Mulyadi menyampaikan bahwa adanya dugaan piloting Proyek yang diterima oleh Ketua DPRD Kabupaten Bekasi, HM. Bn. Holik Qodratulloh sebesar Rp7,191,900,000 untuk 36 Titik dalam kegiatan lanjutan, diantara:

  1. 1. Peningkatan Drainase Lingkungan Perum Permata Cikarang Selatan RT.001 dan RT 002, RW 015 Desa Sukadami.
  2. Peningkatan Jalan Lingkungan Perum Cikarang Permai RT 001/RW 011 Desa Sukadami.
  3. Peningkatan Jalan Lingkungan Jl Kedasih 4 Perum Cikarang Baru RT 001 & RT 002/RW 010 Desa Mekarmukti.

Mulyadi mengatakan, dugaan plotingan proyek keseluruhan Rp96 Miliar ini seakan menjadi lahan basah bagi para koruptor.

“Apalagi, proyek yang dibagikan ini sudah diatur dan di tempatkan di beberapa Dinas. Salah satunya SDAMBK dan Disperkimtan Pemerintah Kabupaten Bekasi,” cetusnya.

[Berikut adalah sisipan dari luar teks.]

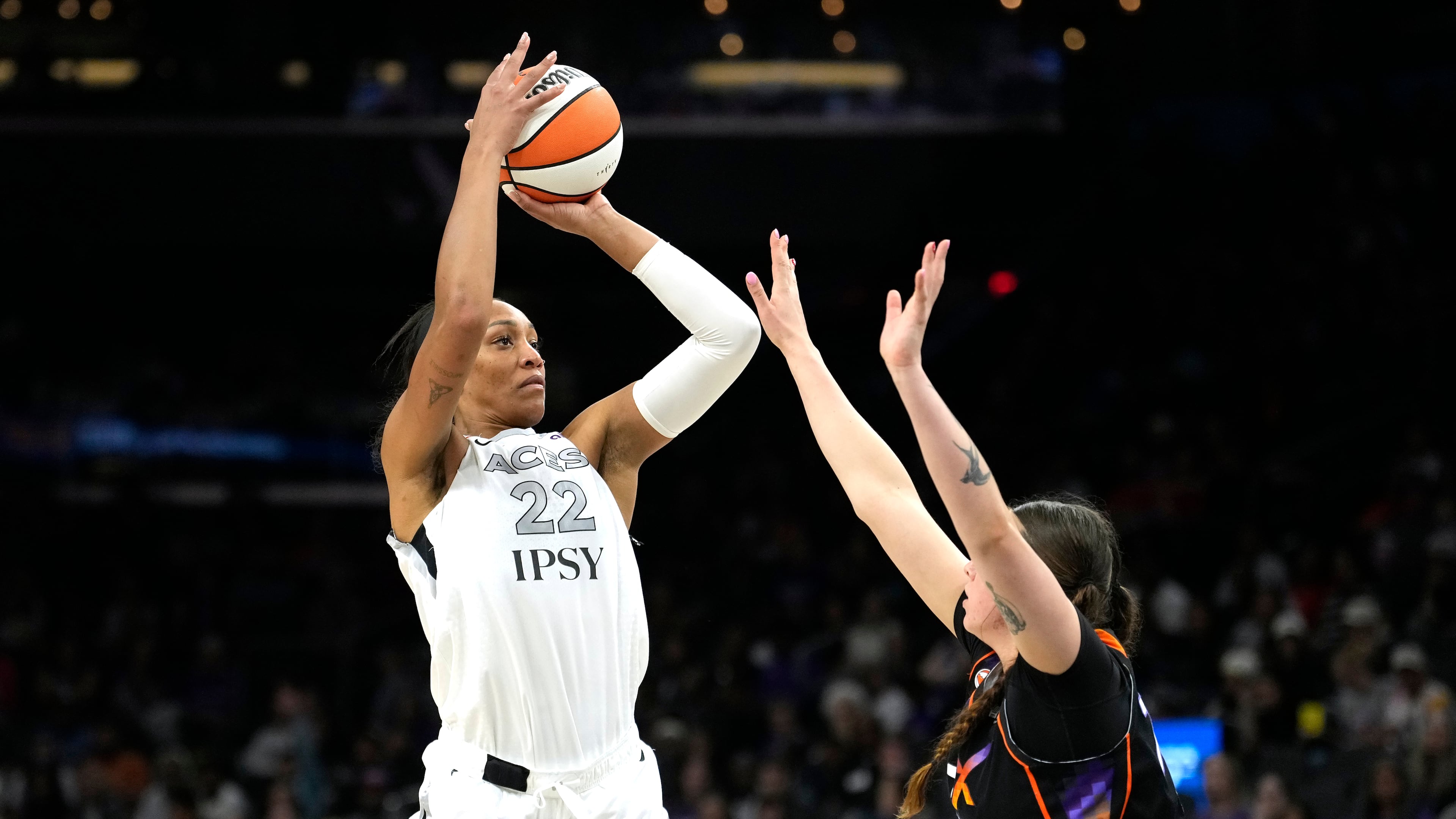 Las Vegas Aces center A'ja Wilson (22) shoots over Phoenix Mercury forward Marta Suarez during the second half of a WNBA basketball game, Thursday, Sept. 24, 2026, in Phoenix. (AP Photo/Ross D. Franklin)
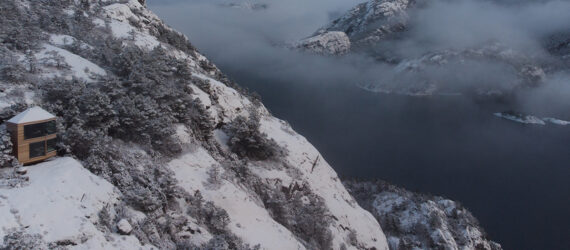 A cabin on the edge of a snowy mountain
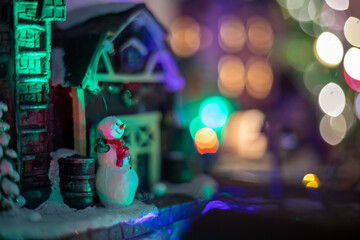 Pequeña casa con muñeco de nieve para decoración navideña de jengibre iluminada con bokeh de...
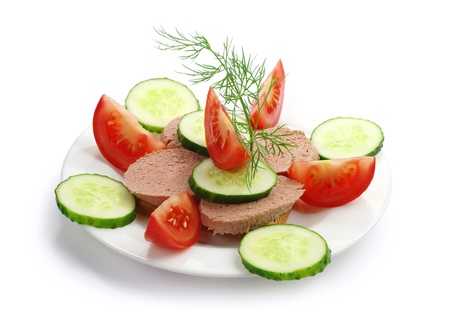 Sandwich with liverwurst, fresh cucumber and tomato on whiteの写真素材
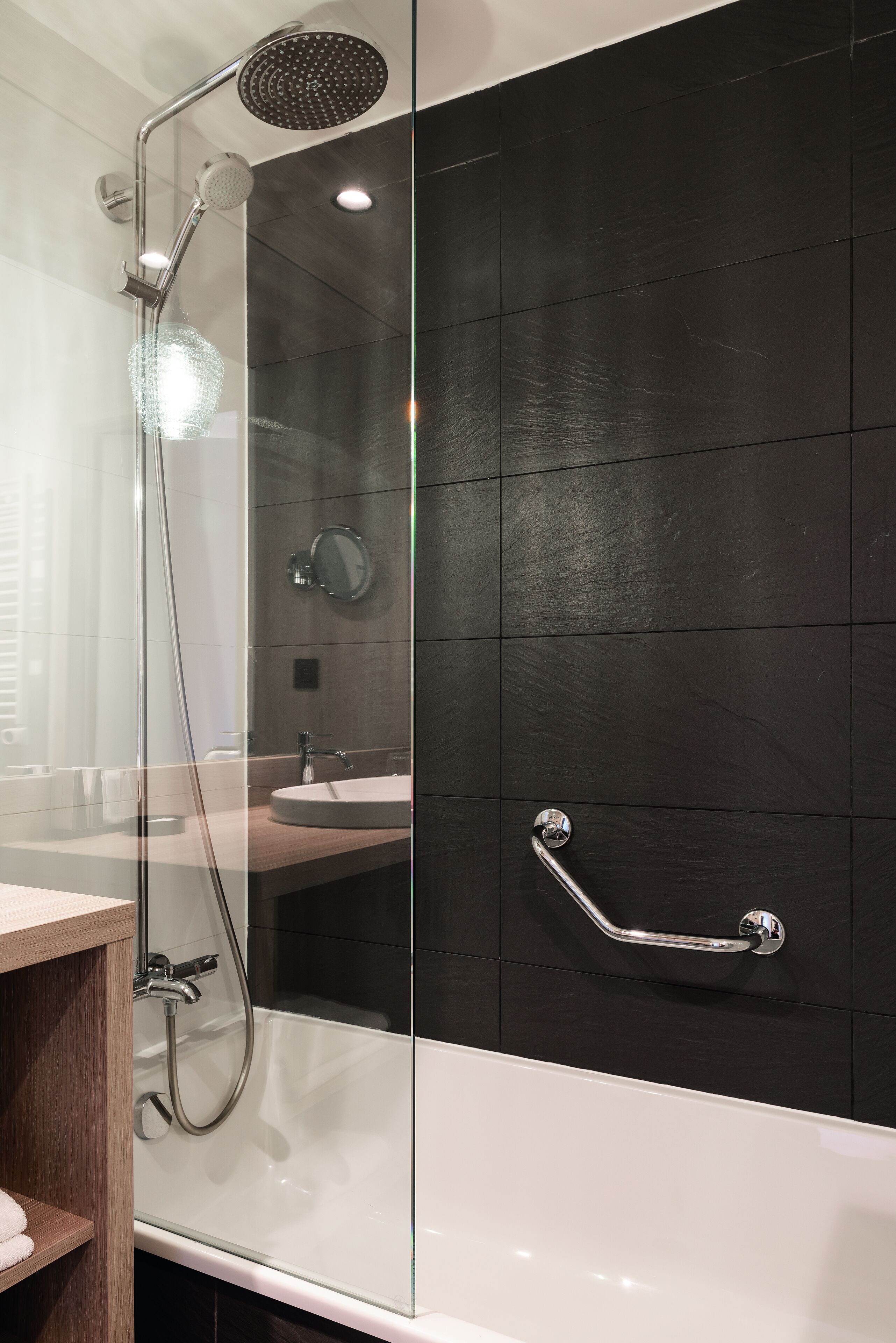 A modern bathroom with a glass-enclosed shower, a white bathtub, and a wooden vanity.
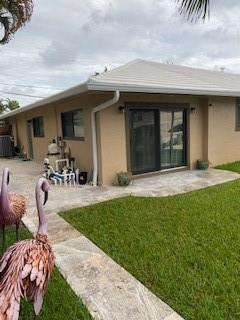 Cozy unit with great views of the canal. Located in the gorgeous city of Lighthouse Point community. Apartment is on the first floor and completely updated. Modern coastal style on the water. Great views of the water from your backyard. Property is a 1/1 with washer and dryer inside unit. This is a single-family house with mother ion law suite. The unit on the ride side of the home.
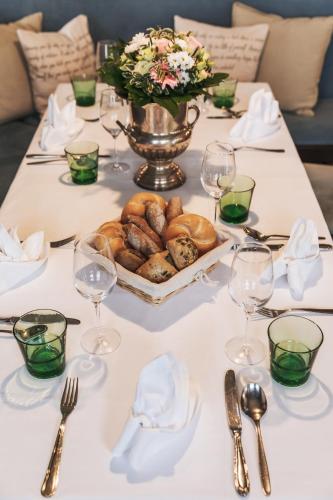 a table with a plate of bread and wine glasses at Strandhotel Sille in Reifnitz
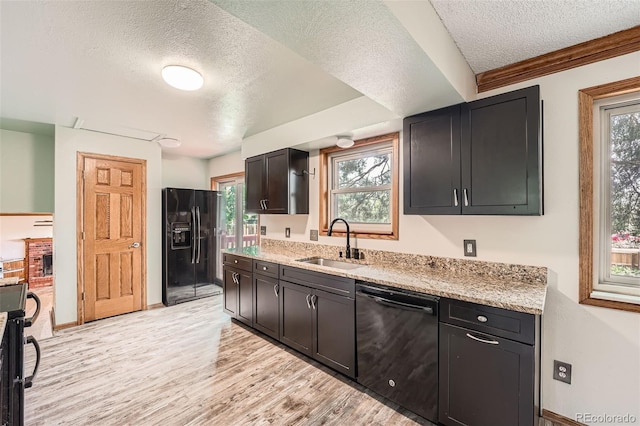 1824 S Granby St, Aurora, CO 80012 - kitchen featuring black appliances, a sink, a textured ceiling, light wood-style flooring, and light stone counters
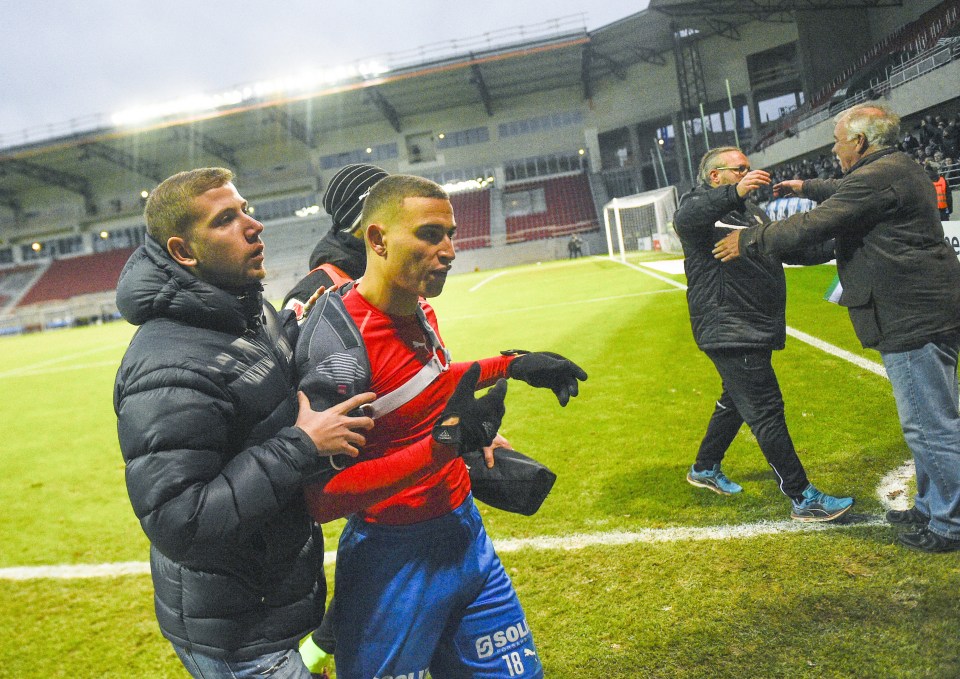  He and his son Jordan, above, were attacked by fans following the club's relegation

Mulyadi menambahkan, modus korupsi yang dilakukan oleh Anggota DPRD beragam, salah satu yang paling banyak dilakukan yakni suap menyuap. Ia menyebut terdapat sekitar 11 kasus korupsi yang dilakukan dengan menggunakan modus ini.

Mulyadi pun mendesak pihak-pihak terkait dapat segera mempercepat penuntasan penanganan perkara ini.

“Kami mendorong KPK melakukan supervisi karena kasusnya sudah berjalan lama, kasihan kalau daerah tetap dipimpin orang-orang yang bermasalah. Hal tersebut perlu diantisipasi mengingat Pemilu serentak 2024 akan dilangsungkan,” imbuh Mulyadi mengakhiri.